さらに驚くべきことに、1965~90年代まで放送された2つのデザインは実物の時計を使っている。
実物の大きさはタバコ2箱くらい。これをカメラで撮影し、別に撮影したそれぞれの色の紙を背景に合成して放送した。90年代以降の背景は撮影した紙ではなく、作成した画像データを合成した。
実物の時計は、時刻の基準を決める親時計装置から1秒毎に送られる信号で動く仕組み。正確な時刻が表示されていたという。現在、この時計は「NHK放送博物館」(東京都港区)に展示されている。
NHKにおける時報はアナログ放送の終了をきっかけに、11年7月23日をもって終了。地デジ化に伴いNHKから時報が無くなった理由を、担当者はこのように話す。
「デジタル放送では、多くの情報を送るためにデータをコンパクトにするために『圧縮』という処理を行います。一方、各家庭のテレビでは、圧縮されて送られてきた信号をもとの情報に戻す『解凍』という処理を行い、視聴できるようにしています。

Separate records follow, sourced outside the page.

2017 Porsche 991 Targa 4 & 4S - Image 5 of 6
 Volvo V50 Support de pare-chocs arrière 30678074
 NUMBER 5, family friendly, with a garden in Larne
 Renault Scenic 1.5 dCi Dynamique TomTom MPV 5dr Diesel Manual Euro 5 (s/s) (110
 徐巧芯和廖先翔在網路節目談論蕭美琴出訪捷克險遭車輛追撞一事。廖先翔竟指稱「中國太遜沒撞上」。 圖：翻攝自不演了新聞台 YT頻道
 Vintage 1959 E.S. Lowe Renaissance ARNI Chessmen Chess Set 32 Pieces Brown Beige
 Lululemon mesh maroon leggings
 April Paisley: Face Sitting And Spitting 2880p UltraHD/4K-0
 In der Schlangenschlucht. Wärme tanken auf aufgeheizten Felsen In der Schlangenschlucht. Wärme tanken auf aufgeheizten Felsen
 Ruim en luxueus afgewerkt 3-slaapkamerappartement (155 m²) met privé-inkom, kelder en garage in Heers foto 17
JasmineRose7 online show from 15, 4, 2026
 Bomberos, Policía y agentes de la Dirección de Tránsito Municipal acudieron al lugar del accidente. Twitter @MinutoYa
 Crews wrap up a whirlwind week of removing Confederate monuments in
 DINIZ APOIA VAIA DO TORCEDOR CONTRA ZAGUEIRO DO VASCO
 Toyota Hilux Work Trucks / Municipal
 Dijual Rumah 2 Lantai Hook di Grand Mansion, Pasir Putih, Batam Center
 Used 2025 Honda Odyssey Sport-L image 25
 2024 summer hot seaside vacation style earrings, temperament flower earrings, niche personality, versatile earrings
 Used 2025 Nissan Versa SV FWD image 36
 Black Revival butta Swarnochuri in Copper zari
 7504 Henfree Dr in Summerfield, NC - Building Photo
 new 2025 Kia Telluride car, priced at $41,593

この『圧縮』『解凍』に多少時間がかかるため、アナログ放送に比べて映像や音声が遅れて届きます。また、信号が各放送局を経由することで地域によって遅延時間が異なり、正確な時報が出せなくなりました」
NHKの時報をテレビで見ることはなくなったが、1番長く放送されたデザインは掛け時計や腕時計として各地で時を刻んでいる。久しぶりにその姿を見に、博物館を訪れてみるのもいいかもしれない。